Basically, Prigogine was addressing the question, Why is there order and structure in the world? Where does it come from?
This turns out to be a much tougher question than it might sound, especially when you consider the world's general tendency toward decay. Iron rusts. Fallen logs rot. Bathwater cools to the temperature of its surroundings. Nature seems to be less interested in creating structures than in tearing structures apart and mixing things up into a kind of average. Indeed, the process of disorder and decay seems inexorable -- so much so that nineteenth-century physicists codified it as the second law of thermodynamics, which can be paraphrased as "You can't unscramble an egg." Left to themselves, says the second law, atoms will mix and randomize themselves as much as possible. That's why iron rusts: atoms in the iron are forever trying to mingle with oxygen in the air to form iron oxide. And that's why bathwater cools: fast-moving molecules on the surface of the water collide with slower-moving molecules in the air, and gradually transfer their energy.
Yet for all of that, we do see plenty of order and structure around. Fallen logs rot -- but trees also grow. So how do you reconcile this growth of structure with the second law of thermodynamics?
The answer, as Prigogine and others realized back in the 1960s, lies in that innocuous-sounding phrase, "Left to themselves..." In the real world, atoms and molecules are almost never left to themselves, not completely; they are almost always exposed to a certain amount of energy and material flowing in from the outside. And if that flow of energy and material is strong enough, then the steady degradation demanded by the second law can be partially reversed. Over a limited region, in fact, a system can spontaneously organize itself into a whole series of complex structures.
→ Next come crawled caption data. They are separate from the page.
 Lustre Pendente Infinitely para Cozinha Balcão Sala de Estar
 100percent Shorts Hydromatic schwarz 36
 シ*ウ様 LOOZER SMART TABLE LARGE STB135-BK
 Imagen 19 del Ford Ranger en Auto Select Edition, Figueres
The most familiar example is probably a pot of soup sitting on the stovetop. If the gas is off, then nothing happens. Just as the second law predicts, the soup will sit there at room temperature, in equilibrium with its surroundings. If the gas is turned on with a very tiny flame, then still nothing much happens. The system is no longer in equilibrium -- heat energy is rising up through the soup from the bottom of the pot -- but the difference isn't large enough to really disturb anything. But now turn the flame up just a little bit higher, moving the system just a little farther from equilibrium. Suddenly, the increased flux of heat energy turns the soup unstable. Tiny, random motions of the soup molecules no longer average out to zero; some of the motions start to grow. Portions of the fluid begin to rise. Other portions begin to fall. Very quickly, the soup begins to organize its motions on a large scale: looking down on the surface you can see a hexagonal pattern of convection cells, with fluid rising in the middle of each cell and falling along the sides. The soup has acquired order and structure. In a word, it has begun to simmer.
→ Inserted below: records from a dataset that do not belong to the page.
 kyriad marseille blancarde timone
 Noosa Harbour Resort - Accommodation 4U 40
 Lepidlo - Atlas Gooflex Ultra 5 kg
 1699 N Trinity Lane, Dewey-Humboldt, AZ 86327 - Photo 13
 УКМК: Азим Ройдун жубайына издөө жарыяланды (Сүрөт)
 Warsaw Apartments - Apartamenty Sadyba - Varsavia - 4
Such self-organizing structures are ubiquitous in nature, said Prigogine. A laser is a self-organizing system in which particles of light, photons, can spontaneously group themselves into a single powerful beam that has every photon moving in lockstep. A hurricane is a self-organizing system powered by the steady stream of energy coming in from the sun, which drives the winds and draws rainwater from the oceans. A living cell -- although much too complicated to analyze mathematically -- is a self-organizing system that survives by taking in energy in the form of food and excreting energy in the form of heat and waste.
In fact, wrote Prigogine in one article, it's conceivable that the economy is a self-organizing system, in which market structures are spontaneously organized by such things as the demand for labor and the demand for goods and services.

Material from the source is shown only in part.